Dicas Práticas para uma Convivência Segura
- Supervisão total: nunca deixe uma criança e um cão sozinhos sem a vigilância de um adulto.
- Criação de um “refúgio”: o cão deve ter um espaço próprio (um cercadinho ou uma área reservada) onde ele se sinta seguro e não seja incomodado.
- Associações positivas: envolva a criança na rotina prazerosa do cão, como na hora da alimentação ou nos passeios, sempre sob supervisão, para criar um vínculo de confiança.
- Educação infantil: é fundamental ensinar as crianças a respeitarem o espaço e o corpo do animal, evitando interações bruscas.
“A gente começa a fazer algumas associações positivas. Na hora da alimentação do cachorro, a criança vai estar presente. Levar o cachorro para passear e a criança estar junto”, exemplificou o adestrador. “Em paralelo, a gente ensina essa criança a interagir melhor com o cachorro, de uma forma mais suave, sem gritar, sem apertar.”
Aprendendo a ler os sinais de desconforto
O adestrador alerta que um cão raramente morde sem aviso. Antes do ataque, ele apresenta “sinais de pacificação” ou desconforto que muitas vezes passam despercebidos pelos tutores:
- Sinais sutis: lamber a ponta do nariz e desviar o olhar.
- Sinais evidentes: eosnar e mostrar os dentes (contração nasolabial).
Ao notar esses sinais, o tutor deve interromper a interação imediatamente para evitar que a situação escale para uma mordida. “As pessoas geralmente só veem o rosnado ou quando o cachorro mostra os dentes, que são sinais mais evidentes. Mas existem sinais mais discretos, como o licking (lambedura na ponta do nariz) e o desviar o olhar.”

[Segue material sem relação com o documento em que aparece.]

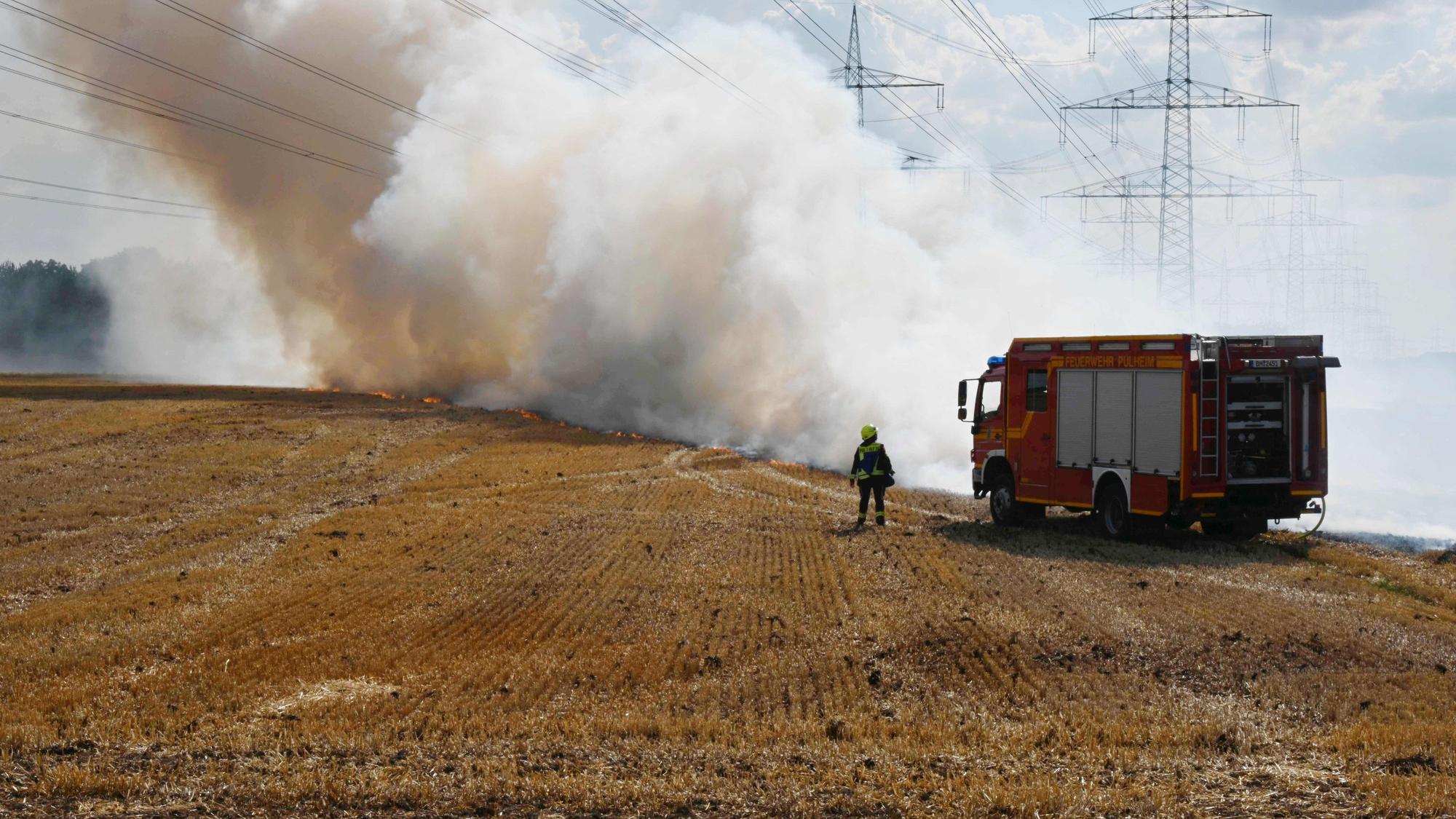 Mit insgesamt acht Löschfahrzeugen bekämpfte die Feuerwehr den Brand.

Potencial lesivo e raças diferentes
Embora cães pequenos como o pinscher exijam atenção redobrada na socialização por serem naturalmente mais reativos, Repsold destaca que cães de grande porte (acima de 15 kg), como pitbulls, dobermans e rottweilers, possuem um “potencial lesivo” muito maior. Nesses casos, a cautela deve ser dobrada, utilizando guias em momentos de aproximação inicial e realizando simulações controladas antes de conceder liberdade total ao animal próximo a crianças.
Existe idade certa para adestrar?
Uma dúvida comum é se cães adultos ainda podem ser educados. Repsold afirma que qualquer cão pode ser adestrado em qualquer idade. Filhotes, segundo ele, são como “folhas em branco”, o que torna o processo de construção de bons comportamentos mais rápido. Em adultos, o processo pode ser mais lento, pois é necessário “desconstruir” hábitos ruins antes de ensinar os novos, mas o sucesso depende diretamente da dedicação e mudança de atitude dos tutores.
No caso de Jennifer Lawrence, o trauma a levou a substituir a companhia canina pela felina, adotando o gato Fred. No entanto, para as famílias que desejam manter seus cães, o adestramento surge não apenas como uma forma de ensinar truques, mas como uma ferramenta vital de segurança e harmonia doméstica.